Türk Ceza Kanununun 76. maddesinde, bazı grup türlerinin kısmen veya tamamen yok edilmesi maksadıyla maddede sayılan fiillerin gerçekleştirilmesiyle soykırım suçunun oluşacağı ifade edilmiştir. Bu kapsamda söz konusu grup türlerini açıklamakta fayda vardır:

  • Milli Grup: Ortak bir vatandaşlığa dayalı olarak hukuki bir bağı paylaşan insan topluluğu
  • Etnik Grup: Ortak bir dili veya kültürü paylaşan insan topluluğu
  • Irki Grup: Yalnızca kalıtımsal özelliklere dayanan insan topluluğu
  • Dini Grup: Ortak bir dini, mezhebi benimseyen insan topluluğu

Soykırım suçu ile madde kapsamında sayılan gruplara mensup bireylerin maddi ve manevi varlıkları, yaşam hakları; tüm uluslararası suçlarda olduğu gibi uluslararası kamu düzeni korunan hukuki yararlardır.

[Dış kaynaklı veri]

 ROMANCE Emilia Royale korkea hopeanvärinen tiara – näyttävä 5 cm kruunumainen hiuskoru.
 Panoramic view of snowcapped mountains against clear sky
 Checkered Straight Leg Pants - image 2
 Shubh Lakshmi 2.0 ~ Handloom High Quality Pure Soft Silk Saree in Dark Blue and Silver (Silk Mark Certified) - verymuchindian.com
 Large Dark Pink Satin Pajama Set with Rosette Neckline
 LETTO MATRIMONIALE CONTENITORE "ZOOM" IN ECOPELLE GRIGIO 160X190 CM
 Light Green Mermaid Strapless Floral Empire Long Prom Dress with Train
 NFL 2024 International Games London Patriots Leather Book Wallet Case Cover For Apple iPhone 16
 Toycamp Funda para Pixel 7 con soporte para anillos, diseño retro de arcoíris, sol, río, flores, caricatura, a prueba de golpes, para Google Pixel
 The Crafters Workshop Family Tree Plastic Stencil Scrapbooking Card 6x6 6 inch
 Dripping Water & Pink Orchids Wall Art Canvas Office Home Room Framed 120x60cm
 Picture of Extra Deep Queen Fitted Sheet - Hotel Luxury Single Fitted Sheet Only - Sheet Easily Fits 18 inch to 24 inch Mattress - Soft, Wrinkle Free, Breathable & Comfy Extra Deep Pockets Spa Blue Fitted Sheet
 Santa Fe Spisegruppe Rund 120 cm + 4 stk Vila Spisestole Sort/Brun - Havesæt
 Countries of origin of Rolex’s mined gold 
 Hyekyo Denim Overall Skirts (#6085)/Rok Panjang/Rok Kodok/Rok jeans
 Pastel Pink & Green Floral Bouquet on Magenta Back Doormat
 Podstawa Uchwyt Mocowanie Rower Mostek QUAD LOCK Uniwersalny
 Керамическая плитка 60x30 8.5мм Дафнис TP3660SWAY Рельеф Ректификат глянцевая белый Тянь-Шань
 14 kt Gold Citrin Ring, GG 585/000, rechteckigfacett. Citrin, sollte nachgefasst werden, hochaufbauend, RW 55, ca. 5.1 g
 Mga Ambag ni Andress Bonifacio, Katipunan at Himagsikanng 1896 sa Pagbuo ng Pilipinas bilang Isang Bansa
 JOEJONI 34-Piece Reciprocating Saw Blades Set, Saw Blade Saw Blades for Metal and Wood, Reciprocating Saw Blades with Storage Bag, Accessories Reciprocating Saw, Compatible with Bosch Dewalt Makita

A.      Soykırım Suçunun Unsurları

Uluslararası toplum düzenini bozduğundan sebeple uluslararası toplumu mağdur duruma getiren fiiller, uluslararası suç olarak nitelendirilmektedir. Uluslararası ceza hukukunun konusu kapsamına giren soykırım suçunda da ulusal ceza hukuklarında olduğu gibi suçun unsurları incelenmektedir. Aynen ulusal hukukta da olduğu gibi maddi ve manevi unsur ölçütü uluslararası ceza hukukunda da uygulanmaktadır. Yani bu suçun vücut bulabilmesi için maddi ve manevi unsurun bir arada bulunması gerekmektedir. Soykırım suçunda suçun unsurlarından olan hukuka aykırılık unsuru ise bulunmamaktadır. Zaten soykırım suçunun hukuka uygun olma ihtimali bulunmamaktadır.

1.      Maddi Unsurlar

Soykırım suçunu ortaya çıkaran eylem “Bir planın icrasını gerçekleştirerek” milli, etnik, ırki veya dini bir grubun tamamen veya kısmen yok edilmesi amacıyla, sayılan bu grupların üyelerine karşı T.C.K.’nın 76. maddesinin 1. fıkrasında bahsi geçen fiillerin herhangi birini işlemek suretiyle olursa, suçun maddi unsuru oluşur. Soykırım suçu ancak, T.C.K.’nın 76. maddesinin 1. fıkrasında sınırlı olarak sayılan beş biçimde işlenebilir.

a) Fiil

  • Kasten öldürme

Grup üyelerinin öldürülmesi yaşam hakkının ihlali olduğundan, soykırım suçunun en açık görüldüğü haldir. Bir insan grubunun tamamını veya bir kısmını yok etmek amacıyla milli, etnik, ırki veya dini grup üyelerinden birinin öldürülmesi soykırım suçunun maddi unsurunun tamamlanması sonucunu doğurur. Suç gerçekleştirirken asıl amaç grup üyelerini ortadan kaldırmak olduğundan kasten öldürmenin basit hali ve nitelikli halleri arasında soykırım suçu bakımından bir fark bulunmamaktadır. Bir grubun sonunu getirmek amacıyla bu eylemin gerçekleştirilmesi halinde tek kişinin öldürülmesi ile de bu suçun oluşması sonucunu doğuracaktır.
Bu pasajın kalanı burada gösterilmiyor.